Une histoire fascinante

Pour comprendre comment ces précieux tissus sont arrivés à Avignon, il faut embarquer dans la machine à remonter le temps.

Retour en 1793. Le roi de France Louis XVI, condamné à mort par les révolutionnaires qui ne lui pardonnent pas sa tentative de départ à l’étranger (la fuite à Varennes), est exécuté le 21 janvier 1793 à Paris sur la place de la Révolution (actuelle place de la Concorde).

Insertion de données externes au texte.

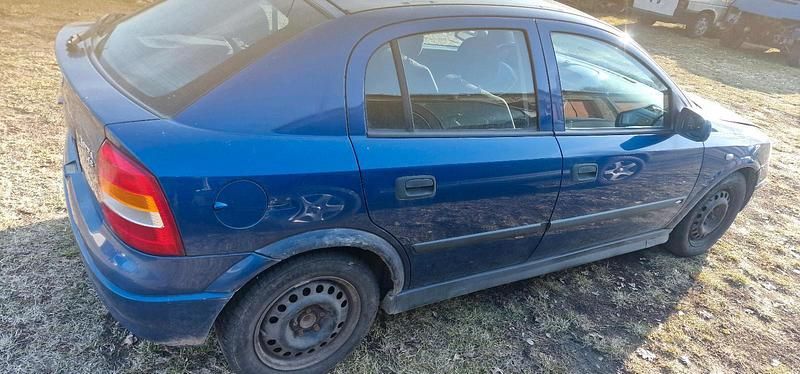 Gebraucht Opel Astra 125 PS (91 kW) 2001 Blau Limousine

À l’été, Marie-Antoinette, prisonnière au Temple, est transférée à la Conciergerie. La reine déchue est surveillée en permanence. Elle est très affaiblie, et trouve du réconfort auprès d’une servante, Rosalie Lamorlière. »Avant son exécution, Marie Antoinette ôte sa robe violette, symbole de deuil et de pénitence, et la confie à sa fidèle servante. Elle se présentera devant son bourreau le 16 octobre 1793 en jupons blancs, la couleur de la royauté », explique l’abbé Bréhier, tout en contemplant l’aube. Rosalie Lamorlière aurait précieusement conservé la robe jusqu’à son départ de la Conciergerie en 1799. La servante aurait ensuite confié le vêtement à l’abbé Véran, prêtre originaire du Comtat qui résidait à Paris.

L’abbé Bréhier présente avec précaution la tunique : »L’histoire de cette aube est méconnue, ça se sait sans se savoir… »

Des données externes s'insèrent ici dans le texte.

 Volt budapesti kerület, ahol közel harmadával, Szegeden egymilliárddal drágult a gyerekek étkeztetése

De retour dans le Sud, le curé fait transformer la robe violette en aube pour célébrer la messe. Au début du XIXe siècle, l’évêque d’Avignon, Jean-François Périer, rachète le fameux vêtement pour reconstituer un patrimoine à la Métropole des Doms après la révolution. Depuis, cette aube n’est que très rarement exposée. Mais, lors de grandes occasions, les prêtres n’hésitent pas à la porter pour célébrer l’office. « La dernière fois que l’aube a été revêtue, c’est à l’occasion de la mort de Jean-Paul II en 2005. On essaie de la préserver », prévient l’abbé Bréhier.

Des doutes sur l’origine de la robe ?

« Il faut faire attention à l’origine des reliques de Marie-Antoinette, tempère Ludovic Miserole, auteur d’un roman sur Rosalie Lamorlière. Des souliers, des morceaux de vêtements, voire même des cheveux, beaucoup de pseudo-reliques circulent. » Malgré certaines zones d’ombre concernant quelques dates de cette histoire, l’Abbé Bréhier l’assure : le tissu est authentique. « Les laies de soie correspondent à l’époque. L’ornement a été contrôlé par un conservateur du musée des tissus de Lyon. »

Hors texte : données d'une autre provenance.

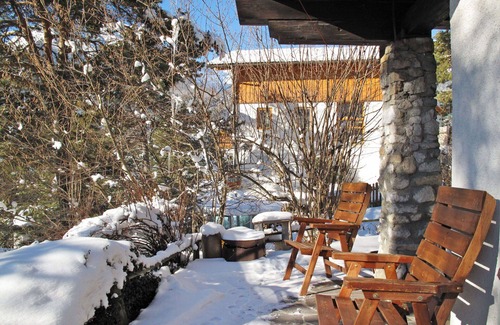 Imst House | Cosy apartment in villa for 8 guests with WIFI, TV, terrace, pets allowed and panoramic view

Alors, pourquoi ne pas l’exposer à la vue de tous ? « Ce n’est pas sa vocation. La sacristie n’est pas un musée », conclut l’abbé.
Rosalie a soutenu la reine en prison

Elle a été le dernier soutien de la reine. Rosalie Lamorlière, servante à la Conciergerie de 1792 à 1799, a largement contribué à adoucir le séjour en geôle de Marie-Antoinette.  » Elle lui rapportait des fleurs, du linge chaud. Elle faisait même exprès de finir son service plus tard, pour que la reine bénéficie de la lumière de la cellule« , explique Ludovic Miserole, auteur de Rosalie Lamorlière, la dernière servante de Marie-Antoinette.

Rosalie Lamorlière, la dernière servante de Marie-Antoinette, un roman de Ludovic Miserole, toujours disponible aux éditions l’atelier Mosesu.

Une visite réservée aux initiés.

À l’intérieur de l’église, aucun panneau ni fléchage n’indique la présence du précieux vêtement. Seuls les connaisseurs demandent à visiter la sacristie. « On reçoit au moins une centaine de sollicitations par an pour voir le vêtement », calcule l’Abbé Bréhier. « Des groupes passionnés d’Histoire principalement. On essaie de les recevoir tout au long de l’année dans la mesure du possible ».